Fig. 4. Circulating tumor fraction estimate (cfTE) according to stage and number of distant metastases.

a Among the xF 1000 cohort, there was a significant difference in ctFE between stages (Kruskal-Wallis P=2.97e−5). Overall, patients with stage 4 cancer (n = 879, median ctFE = 0.07) had a higher ctFE than those with stages 1 (n = 20, median ctFE = 0.06), 2 (n = 25, median ctFE = 0.06), or 3 (n = 76, median ctFE = 0.06). ctFE increased with the number of metastatic distant sites (Mann-Whitney U test P = 7.57e−7) (b), and there was a significant difference in ctFEs between patients with no metastatic lesions (n = 104) and those with 1 or more distant sites affected (n = 884, Mann–Whitney U test P = 5.21e−6) (c). d ROC and PR curves for calling metastases at different ctFE thresholds. Samples with and without identified metastases (n = 100) were selected to calculate the curves with balanced classes. AUROC=0.62 and AUPR=0.64. The dashed lines show expectations when selecting samples at random.

Fig. 5. Circulating tumor fraction estimate (cfTE) and abstracted clinical outcomes in a sub-cohort of the xF 1000 (n = 388).

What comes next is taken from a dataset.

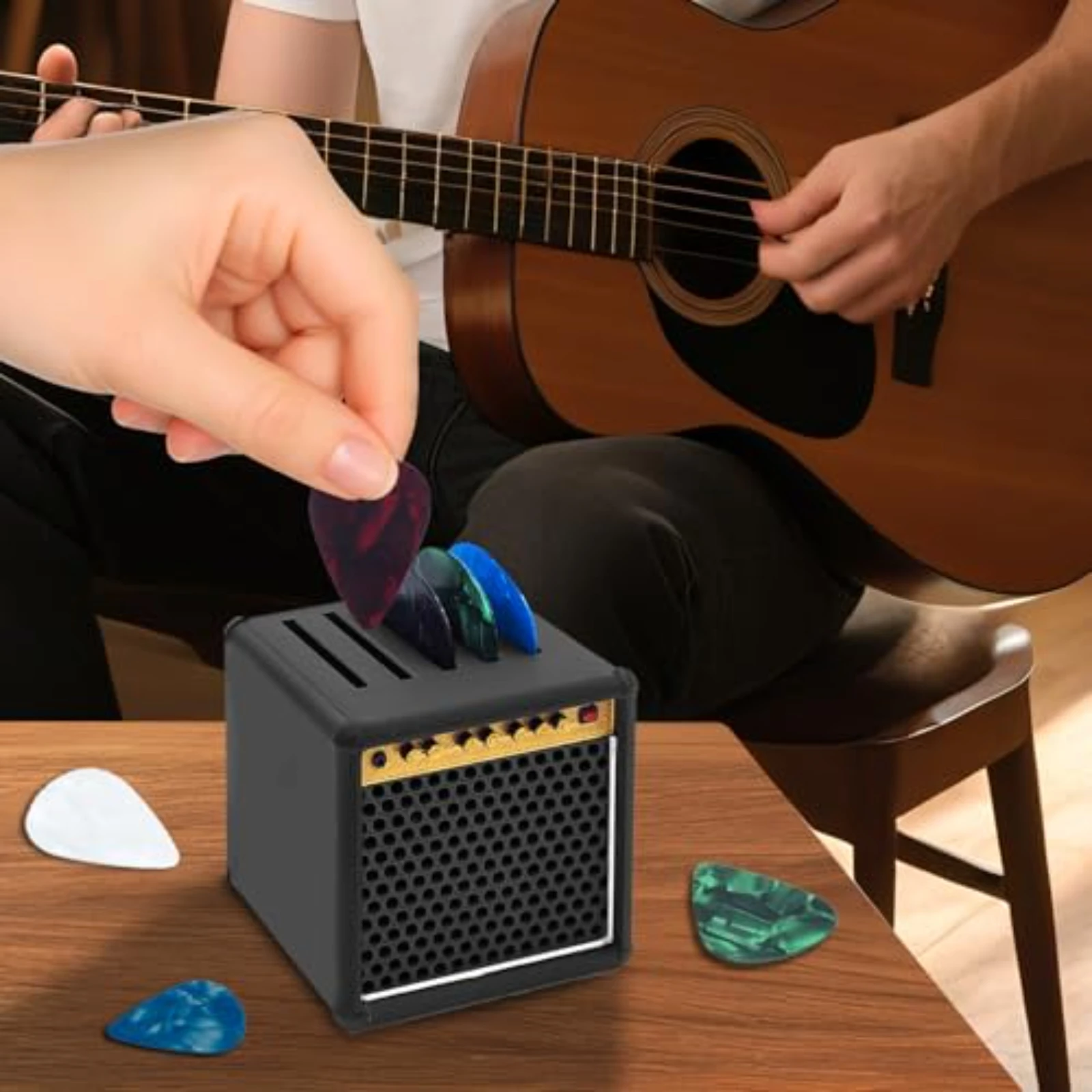 Vintage Speaker Guitar Pick Holder Portable Clip for Musicians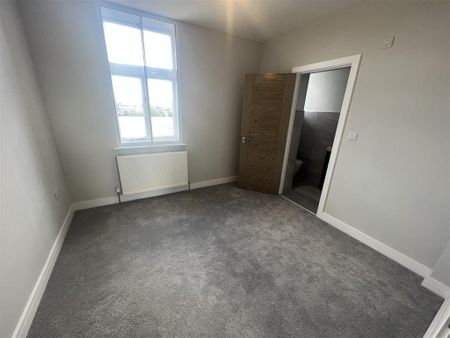 NewStreet, BURTON-ON-TRENT - Photo 3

a Patients with complete response (n = 9, ctFE = 0.05) exhibited lower ctFEs than those with progressive disease (n = 298, ctFE = 0.08), partial response (n = 56, ctFE = 0.06), or stable disease (n = 25, ctFE = 0.06). b ctFE was also assessed temporally among a few randomly selected patients with multiple xF tests throughout the course of treatment (n = 26), with most patients showing large differences in ctFEs between test dates.